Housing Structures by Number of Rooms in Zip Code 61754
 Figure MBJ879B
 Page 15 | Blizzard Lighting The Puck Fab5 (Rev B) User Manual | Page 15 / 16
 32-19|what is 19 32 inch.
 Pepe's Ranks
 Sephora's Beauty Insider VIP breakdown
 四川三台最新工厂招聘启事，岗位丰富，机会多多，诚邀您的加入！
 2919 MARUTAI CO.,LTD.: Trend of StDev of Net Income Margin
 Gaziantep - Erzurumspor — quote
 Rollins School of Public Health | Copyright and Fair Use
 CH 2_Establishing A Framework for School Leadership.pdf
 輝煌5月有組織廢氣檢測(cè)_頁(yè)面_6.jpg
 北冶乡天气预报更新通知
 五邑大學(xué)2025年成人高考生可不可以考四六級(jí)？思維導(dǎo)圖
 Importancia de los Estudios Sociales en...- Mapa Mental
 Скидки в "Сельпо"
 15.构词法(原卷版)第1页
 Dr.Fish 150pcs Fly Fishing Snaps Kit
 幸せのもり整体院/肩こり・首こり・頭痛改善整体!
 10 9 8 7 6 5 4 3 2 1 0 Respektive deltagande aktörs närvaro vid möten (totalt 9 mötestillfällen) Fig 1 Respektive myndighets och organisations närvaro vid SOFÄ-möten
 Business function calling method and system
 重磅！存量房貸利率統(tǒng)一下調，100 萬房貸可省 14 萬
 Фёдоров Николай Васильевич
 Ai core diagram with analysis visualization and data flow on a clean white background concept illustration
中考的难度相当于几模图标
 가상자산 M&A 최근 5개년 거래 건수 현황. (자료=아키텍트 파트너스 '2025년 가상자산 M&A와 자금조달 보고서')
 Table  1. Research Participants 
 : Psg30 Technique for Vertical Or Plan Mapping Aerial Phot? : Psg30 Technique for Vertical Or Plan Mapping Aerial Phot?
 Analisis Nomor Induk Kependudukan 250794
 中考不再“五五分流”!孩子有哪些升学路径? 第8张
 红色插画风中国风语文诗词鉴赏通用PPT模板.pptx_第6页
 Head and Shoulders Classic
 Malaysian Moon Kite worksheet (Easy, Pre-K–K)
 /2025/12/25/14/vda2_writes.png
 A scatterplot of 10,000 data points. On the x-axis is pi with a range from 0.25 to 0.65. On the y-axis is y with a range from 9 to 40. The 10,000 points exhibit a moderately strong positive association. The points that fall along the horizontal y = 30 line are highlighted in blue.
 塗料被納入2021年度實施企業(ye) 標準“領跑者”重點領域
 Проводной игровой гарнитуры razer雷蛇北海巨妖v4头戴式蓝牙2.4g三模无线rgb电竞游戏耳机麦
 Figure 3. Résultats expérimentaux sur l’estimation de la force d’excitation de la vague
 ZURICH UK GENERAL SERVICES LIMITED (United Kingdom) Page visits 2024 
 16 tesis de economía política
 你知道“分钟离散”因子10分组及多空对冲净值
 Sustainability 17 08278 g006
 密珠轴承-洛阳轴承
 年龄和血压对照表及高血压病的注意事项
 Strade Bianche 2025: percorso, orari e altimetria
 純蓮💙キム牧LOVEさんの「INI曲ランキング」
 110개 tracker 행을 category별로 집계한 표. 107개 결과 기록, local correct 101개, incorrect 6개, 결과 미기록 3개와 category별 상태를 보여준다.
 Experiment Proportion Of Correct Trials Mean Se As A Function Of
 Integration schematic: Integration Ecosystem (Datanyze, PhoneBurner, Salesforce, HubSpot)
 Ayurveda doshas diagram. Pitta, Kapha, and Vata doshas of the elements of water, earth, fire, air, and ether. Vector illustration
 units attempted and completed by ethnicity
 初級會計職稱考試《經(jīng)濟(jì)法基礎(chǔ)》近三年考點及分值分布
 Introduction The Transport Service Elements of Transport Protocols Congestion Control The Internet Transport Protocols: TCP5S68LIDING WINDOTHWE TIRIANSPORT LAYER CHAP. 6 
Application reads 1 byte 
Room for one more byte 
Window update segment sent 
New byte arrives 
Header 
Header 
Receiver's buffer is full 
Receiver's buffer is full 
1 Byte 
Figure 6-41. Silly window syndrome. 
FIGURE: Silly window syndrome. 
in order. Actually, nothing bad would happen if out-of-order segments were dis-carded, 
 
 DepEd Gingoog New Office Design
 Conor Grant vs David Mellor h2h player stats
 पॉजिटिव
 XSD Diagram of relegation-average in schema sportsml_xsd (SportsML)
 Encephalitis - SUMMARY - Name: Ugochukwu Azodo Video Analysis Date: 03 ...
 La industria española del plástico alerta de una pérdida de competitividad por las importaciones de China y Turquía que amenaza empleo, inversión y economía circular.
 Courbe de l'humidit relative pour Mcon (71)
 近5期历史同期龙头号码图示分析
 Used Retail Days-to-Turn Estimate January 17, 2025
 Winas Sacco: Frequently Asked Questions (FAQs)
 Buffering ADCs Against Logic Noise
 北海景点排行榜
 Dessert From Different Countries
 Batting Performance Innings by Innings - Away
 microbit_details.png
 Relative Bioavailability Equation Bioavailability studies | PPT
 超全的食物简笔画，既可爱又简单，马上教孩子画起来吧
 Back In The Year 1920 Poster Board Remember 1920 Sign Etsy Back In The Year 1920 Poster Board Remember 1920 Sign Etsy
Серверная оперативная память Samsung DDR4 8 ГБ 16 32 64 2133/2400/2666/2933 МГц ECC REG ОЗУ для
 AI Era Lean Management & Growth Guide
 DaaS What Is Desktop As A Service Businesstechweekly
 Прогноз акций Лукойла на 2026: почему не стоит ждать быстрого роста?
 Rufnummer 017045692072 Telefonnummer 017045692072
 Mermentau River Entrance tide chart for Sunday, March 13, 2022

Task details: Which lines of the records above hold the word "School"? Copy each one out.

Reply:
 Rollins School of Public Health | Copyright and Fair Use
 CH 2_Establishing A Framework for School Leadership.pdf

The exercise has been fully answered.